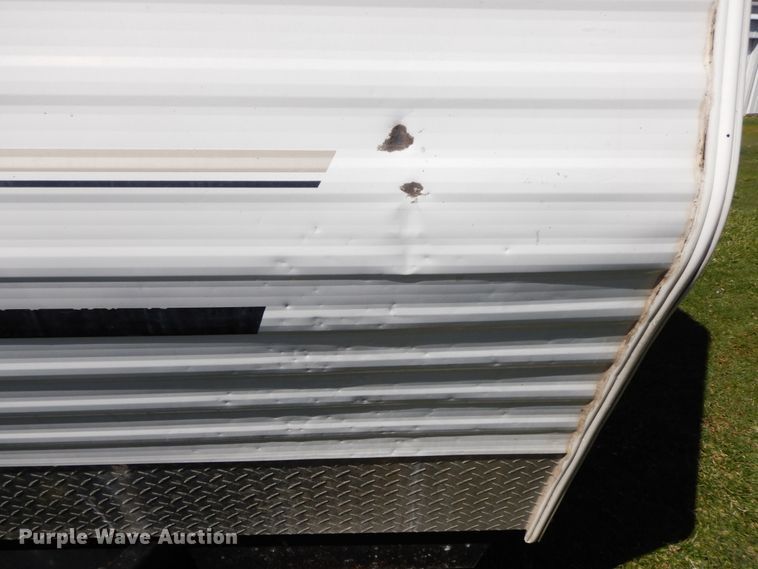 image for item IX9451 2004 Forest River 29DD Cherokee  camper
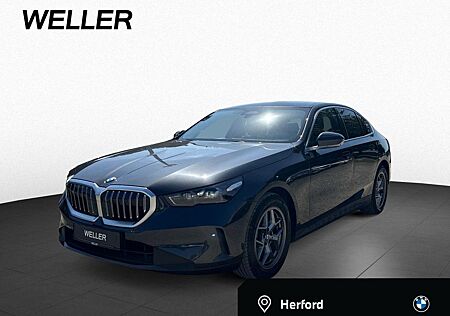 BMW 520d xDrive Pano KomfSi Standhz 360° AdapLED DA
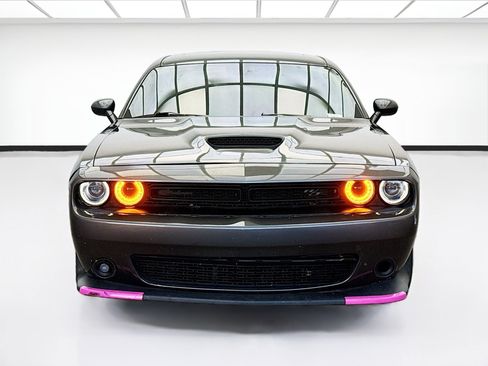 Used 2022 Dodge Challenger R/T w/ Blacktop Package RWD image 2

--

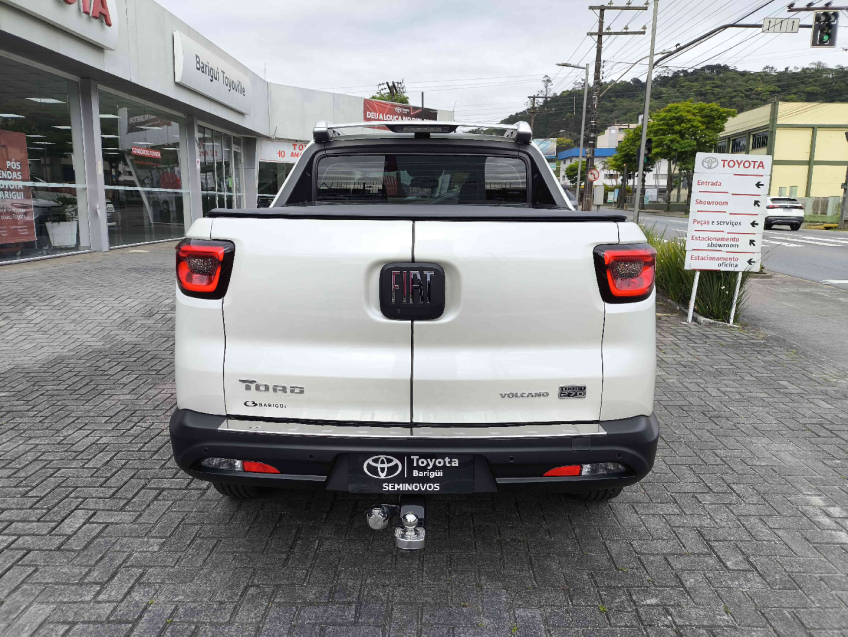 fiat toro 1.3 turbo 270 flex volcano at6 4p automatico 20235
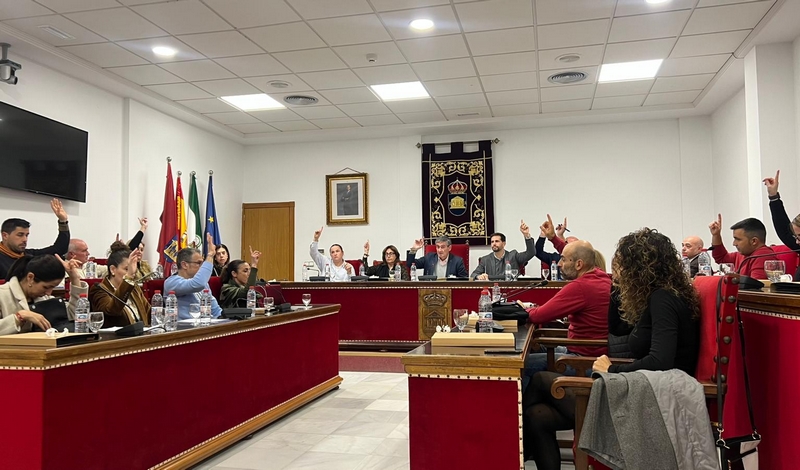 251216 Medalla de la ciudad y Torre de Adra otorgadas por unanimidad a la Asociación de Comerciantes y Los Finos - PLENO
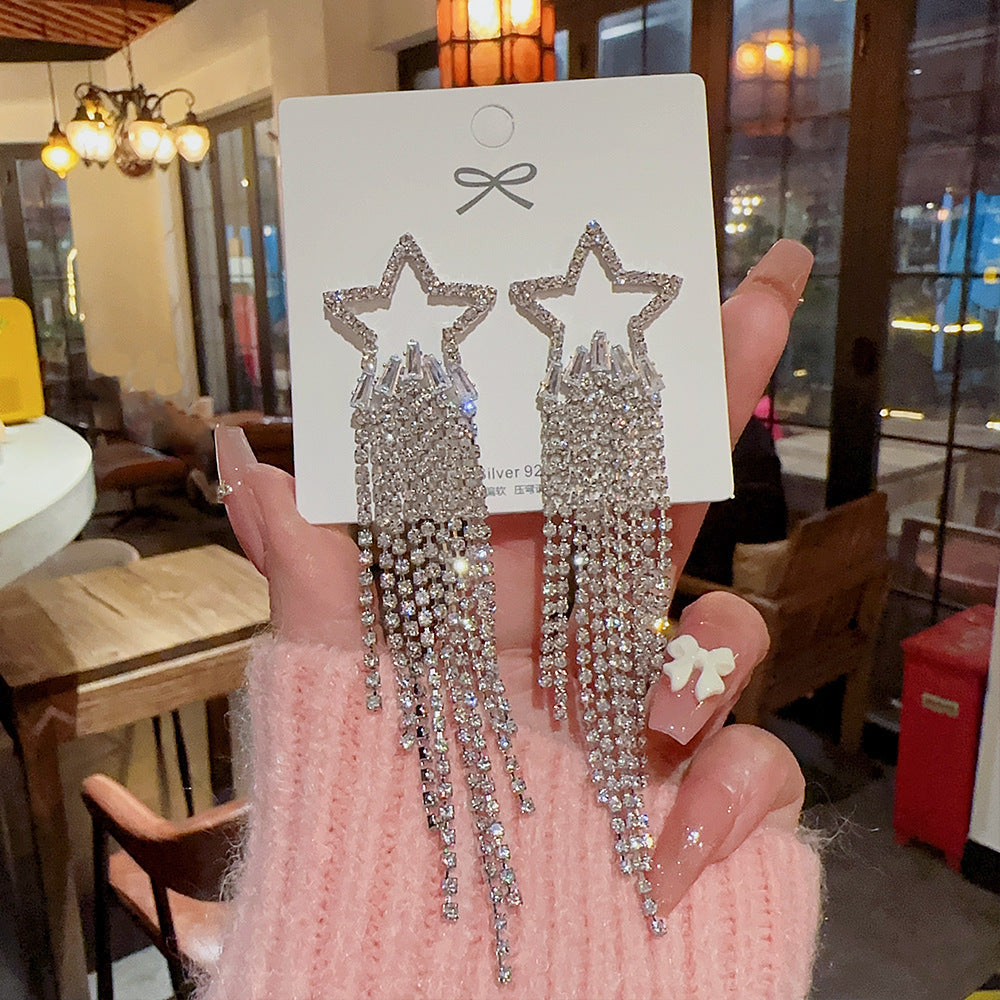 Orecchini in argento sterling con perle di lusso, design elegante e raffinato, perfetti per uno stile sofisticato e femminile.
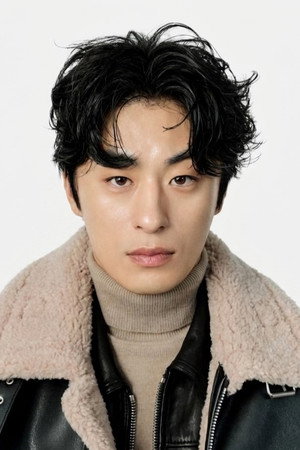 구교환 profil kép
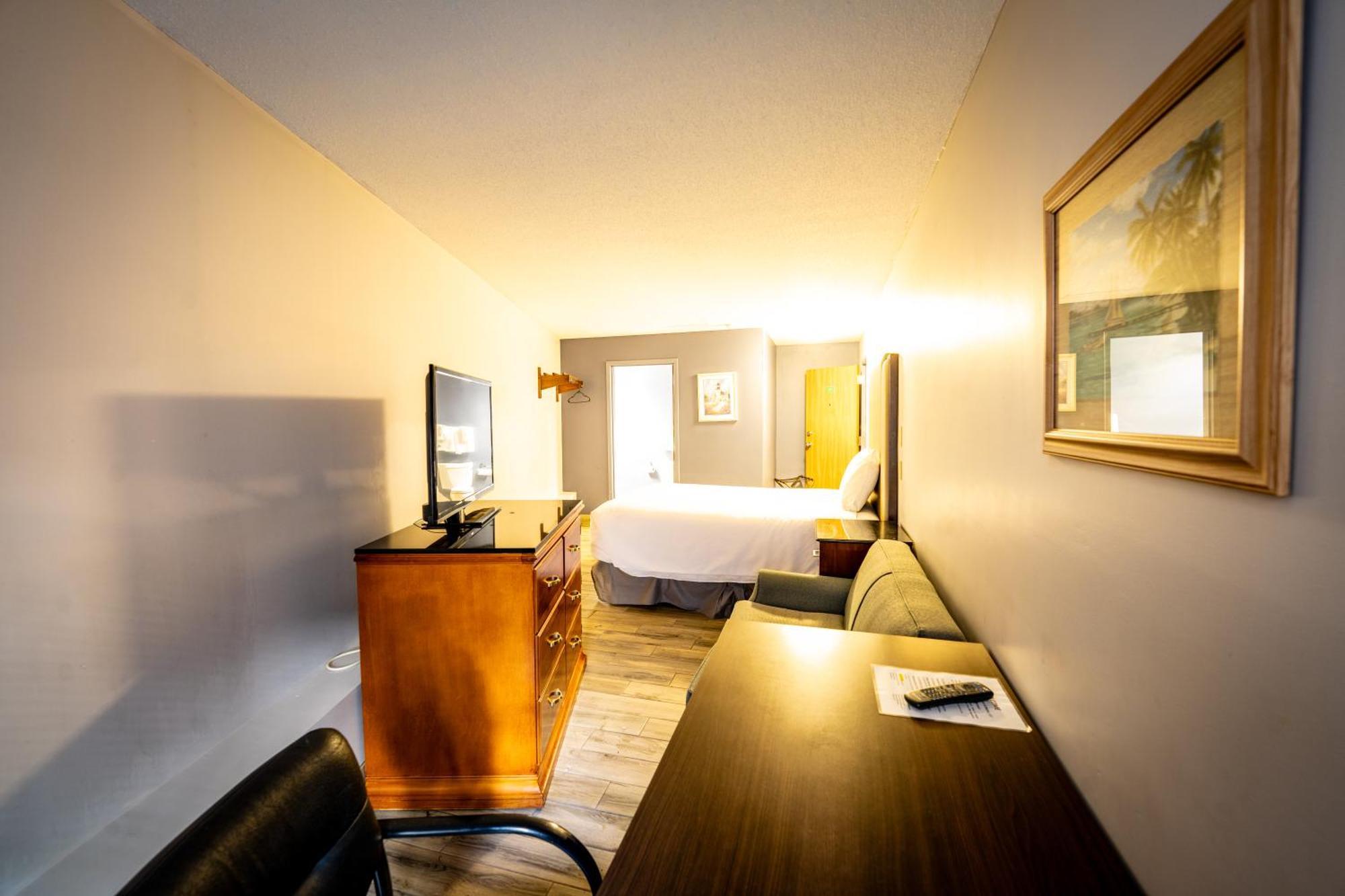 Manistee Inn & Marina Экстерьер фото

About this task:
In the material above, which lines fall between the one holding "구교환 profil kép" and the one holding "Manistee Inn & Marina Экстерьер фото", inclusive? Print exactly those, with the pictures left out.

Solution for this exercise:
 구교환 profil kép
 Manistee Inn & Marina Экстерьер фото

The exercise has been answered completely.